A empresa que investe em educação executiva tem retorno?

É essencial aperfeiçoar os executivos para que transformem e adequem as companhias às demandas do mercado

Como garantir que os profissionais estejam sempre atualizados e preparados para responder com eficácia e prontidão às expectativas atuais e futuras do mercado? Estes são alguns dos principais questionamentos das companhias na hora de decidir se é válido ou não aplicar recursos financeiros e tempo no aperfeiçoamento de seus talentos.
Para Paulo Grise, professor da Escola de Marketing Industrial (EMI) e consultor da JCTM Marketing Industrial, o processo de transformação das pessoas e companhias vem do conhecimento, que motiva o aprimoramento dos processos cotidianos e, especialmente, a pesquisa, o desenvolvimento e a inovação em produtos, serviços e gestão.
Investir na ampliação do conhecimento sempre vale a pena, desde que a empresa estabeleça objetivos, ofereça condições para que o aprendizado seja implementado e haja uma análise da contribuição do conteúdo e das práticas para o dia-a-dia, bem como da capacidade do participante de disseminar as informações para outros profissionais.
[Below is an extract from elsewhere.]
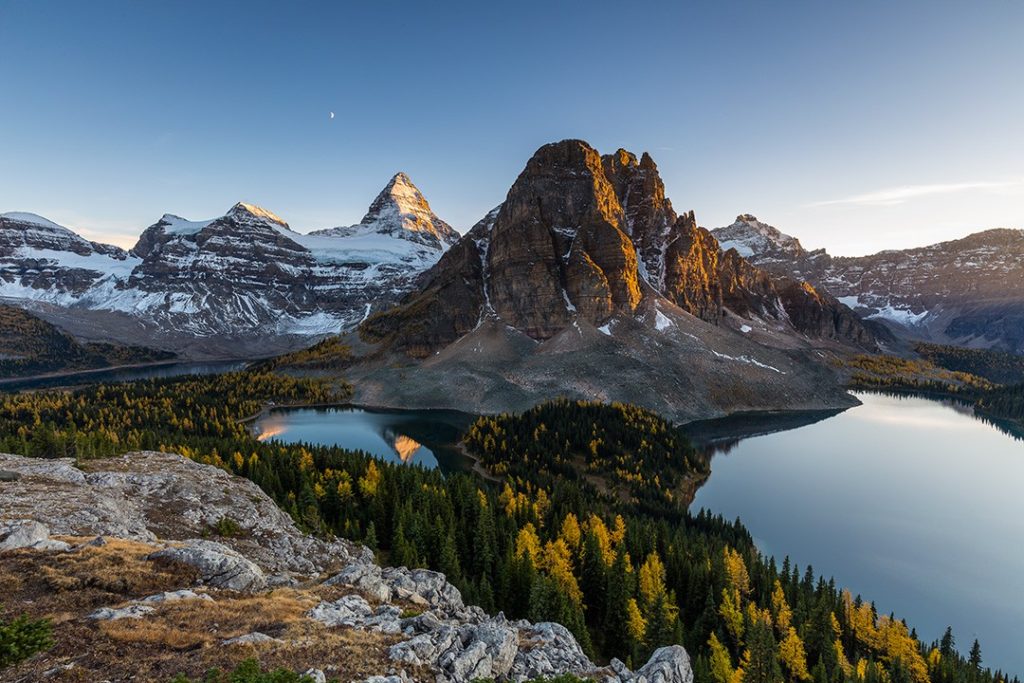 Mount Assiniboine is know as Canada's Matterhorn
“A companhia tem de saber se quer só aprimorar processos ou se visa grandes transformações na cultura, nos processos ou na gestão, de acordo com a área contemplada nos programas e cursos. Deve também ter definidas as metas de mobilização e de coletivização do conhecimento adquirido dentro de um departamento específico ou por toda a companhia”, explica Grise.
A demanda e a preocupação com a educação corporativa existem há muitos anos e sua intensidade é maior conforme se amplia a diversidade e a complexidade da oferta, assim como a competitividade do setor de atuação.